**Required action**
The expected answer is every line of the material that contains the word "your".

----- Information supplied

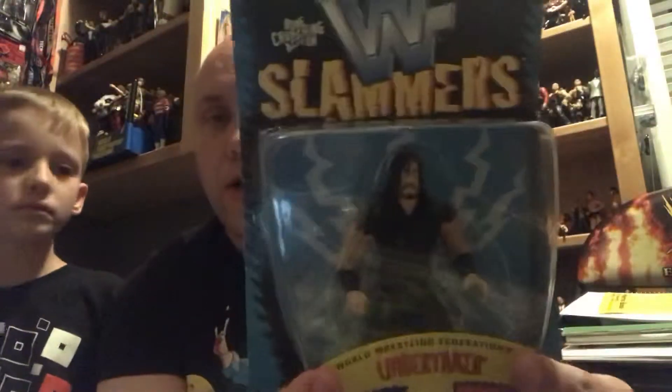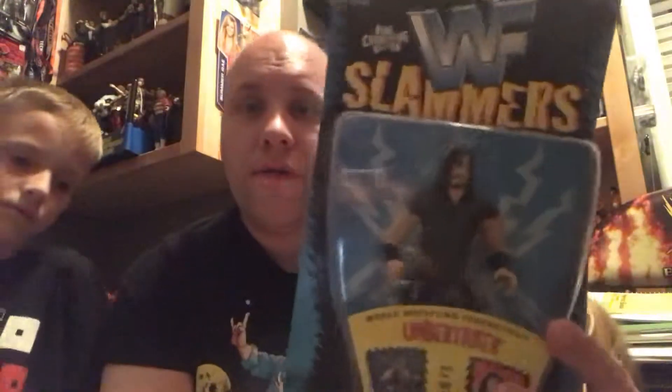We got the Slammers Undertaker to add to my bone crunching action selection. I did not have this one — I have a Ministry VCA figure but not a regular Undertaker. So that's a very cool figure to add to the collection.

----------
----- Information supplied

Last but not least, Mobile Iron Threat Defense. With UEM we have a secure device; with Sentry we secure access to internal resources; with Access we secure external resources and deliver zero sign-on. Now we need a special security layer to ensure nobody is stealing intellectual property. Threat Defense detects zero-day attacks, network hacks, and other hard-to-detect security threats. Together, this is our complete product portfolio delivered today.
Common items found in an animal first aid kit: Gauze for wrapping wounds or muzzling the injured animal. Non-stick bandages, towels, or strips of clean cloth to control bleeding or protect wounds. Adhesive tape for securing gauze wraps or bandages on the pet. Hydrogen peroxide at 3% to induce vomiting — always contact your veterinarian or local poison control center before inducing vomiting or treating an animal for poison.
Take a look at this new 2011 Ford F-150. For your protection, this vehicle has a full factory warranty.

----------

**Result**
Common items found in an animal first aid kit: Gauze for wrapping wounds or muzzling the injured animal. Non-stick bandages, towels, or strips of clean cloth to control bleeding or protect wounds. Adhesive tape for securing gauze wraps or bandages on the pet. Hydrogen peroxide at 3% to induce vomiting — always contact your veterinarian or local poison control center before inducing vomiting or treating an animal for poison.
Take a look at this new 2011 Ford F-150. For your protection, this vehicle has a full factory warranty.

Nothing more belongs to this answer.